The thing we wanted clarity on is what happens if both a firmware update and regular Fedora package updates are available at the same time. Do the Fedora updates get installed successfully or not? I would expect that they do, but we wanted to be sure about that.

Comment 12 Dennis Schridde 2022-03-08 20:20:39 UTC
(In reply to Adam Williamson from comment #11)
> Yes, but the question is not whether it's a *bug*, but whether it's a
> *release-blocking* bug. That's the determination we try to make in the
> meetings.
> 
> The thing we wanted clarity on is what happens if both a firmware update and
> regular Fedora package updates are available at the same time. Do the Fedora
> updates get installed successfully or not? I would expect that they do, but
> we wanted to be sure about that.

They will be installed successfully (on my system).

Comment 13 Peter Robinson 2022-03-11 00:09:37 UTC
> Yes, but the question is not whether it's a *bug*, but whether it's a
> *release-blocking* bug. That's the determination we try to make in the
> meetings.

The upstream shim maintainers are also the maintainers in Fedora, it needs to go through signing with Microsoft so that it works with secure boot and their may be issues with other platform/device issues they're dealing with too. The iterations between firmware, early boot and other vendors is a nuanced and complicated one.

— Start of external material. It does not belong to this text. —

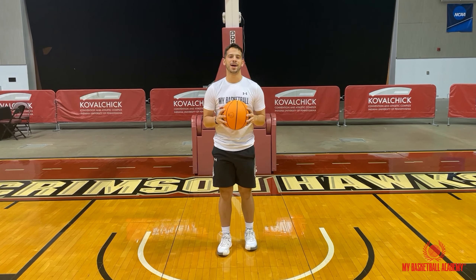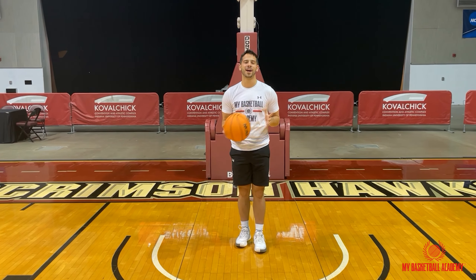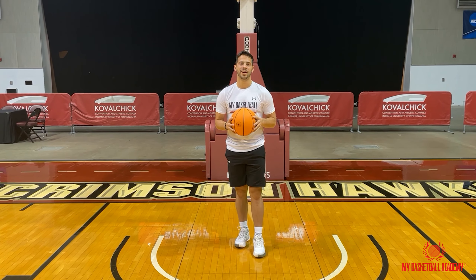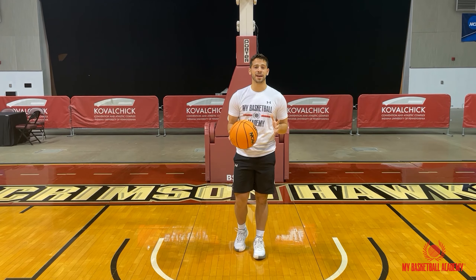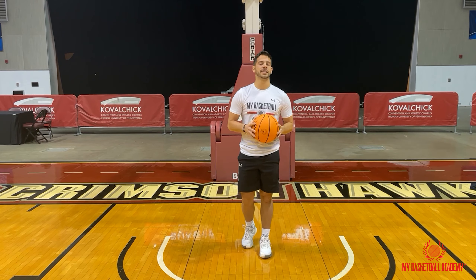What's up everybody? I'm Dante with My Basketball Academy. If you're not already, you guys need to go download our five day ball handling workout. There's a link down below to the PDF. It's five days worth of ball handling that will take you about 15 minutes each day, guaranteed to make you guys better in one week.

While I agree the inability to update firmware with secure boot enabled is unfortunate but if the update then may cause something else not to boot or some other problem we're just moving the problem, I'm sure there will be an update as soon as possible I don't think we can block a release on this given it's hardware specific and some what out of our control.(In reply to Adam Williamson from comment #11)

Comment 14 Geoffrey Marr 2022-03-14 18:57:13 UTC
Discussed during the 2022-03-14 blocker review meeting: [0]

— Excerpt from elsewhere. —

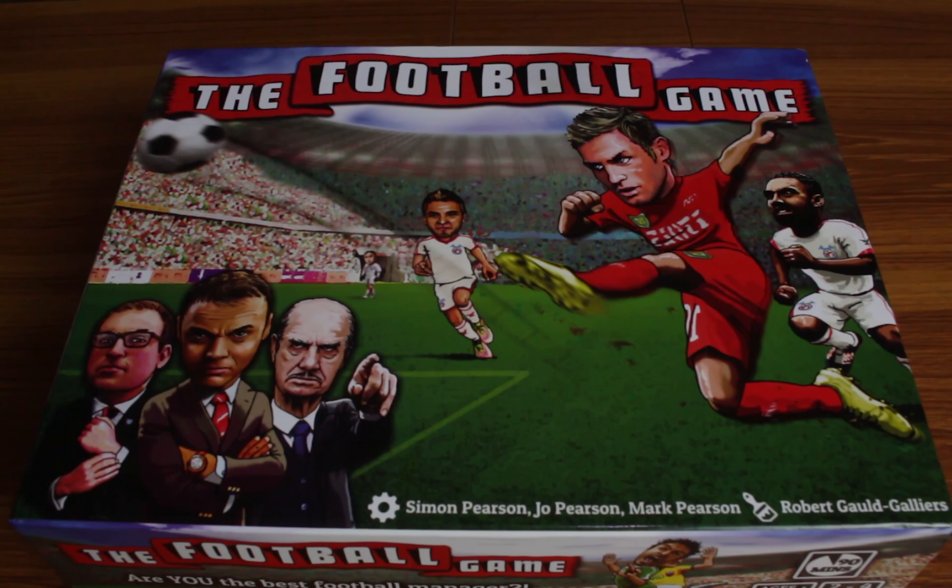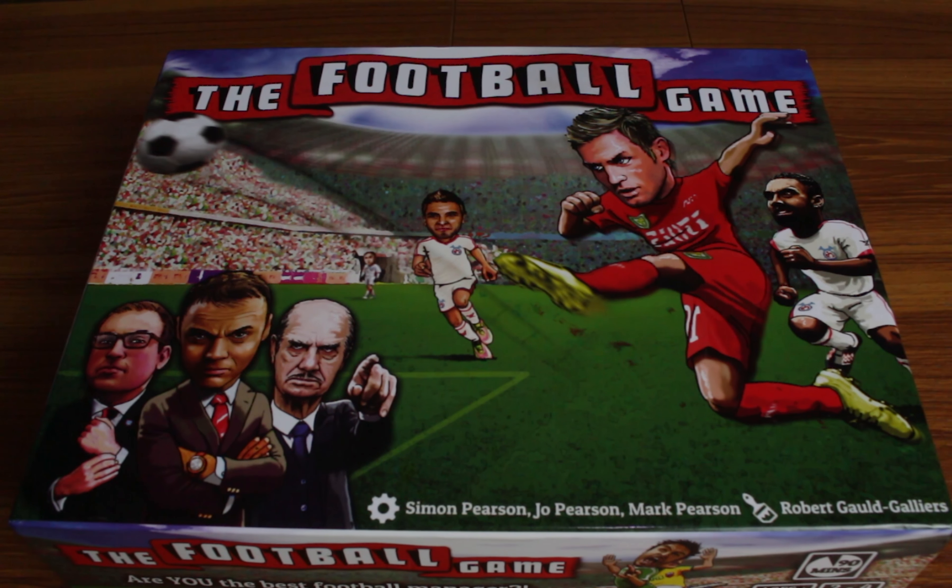Hi, this is the Angel of Dice and welcome to the Football Game by the London Board Game Company. This video is going to show you the components of the game and how to do a basic setting.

The decision to classify this bug as a "RejectedBlocker (Final)" was made as this is a sad bug for affected owners, but firmware update functionality is not covered in the release criteria, and nothing that is covered in the criteria is broken by this bug.

[0] https://meetbot.fedoraproject.org/fedora-blocker-review/2022-03-14/f36-blocker-review.2022-03-14-16.01.txt

Comment 15 Chris Adams 2022-05-17 17:32:35 UTC
(In reply to Peter Robinson from comment #3)
> It's fixed upstream and will be in the 15.5 release due soon, there's been
> unforeseen delays.

It's been six months since the release was "due soon"... I understand that shim has to have special handling, but could we get an update on the delays?

Comment 16 Fedora Update System 2022-06-15 17:42:33 UTC
FEDORA-2022-98830efc68 has been submitted as an update to Fedora 35. https://bodhi.fedoraproject.org/updates/FEDORA-2022-98830efc68

Comment 17 Fedora Update System 2022-06-16 02:14:58 UTC
FEDORA-2022-98830efc68 has been pushed to the Fedora 35 testing repository.
Soon you'll be able to install the update with the following command:
`sudo dnf upgrade --enablerepo=updates-testing --advisory=FEDORA-2022-98830efc68`
You can provide feedback for this update here: https://bodhi.fedoraproject.org/updates/FEDORA-2022-98830efc68

See also https://fedoraproject.org/wiki/QA:Updates_Testing for more information on how to test updates.

Comment 18 Fedora Update System 2022-06-17 01:19:09 UTC
FEDORA-2022-98830efc68 has been pushed to the Fedora 35 stable repository.
If problem still persists, please make note of it in this bug report.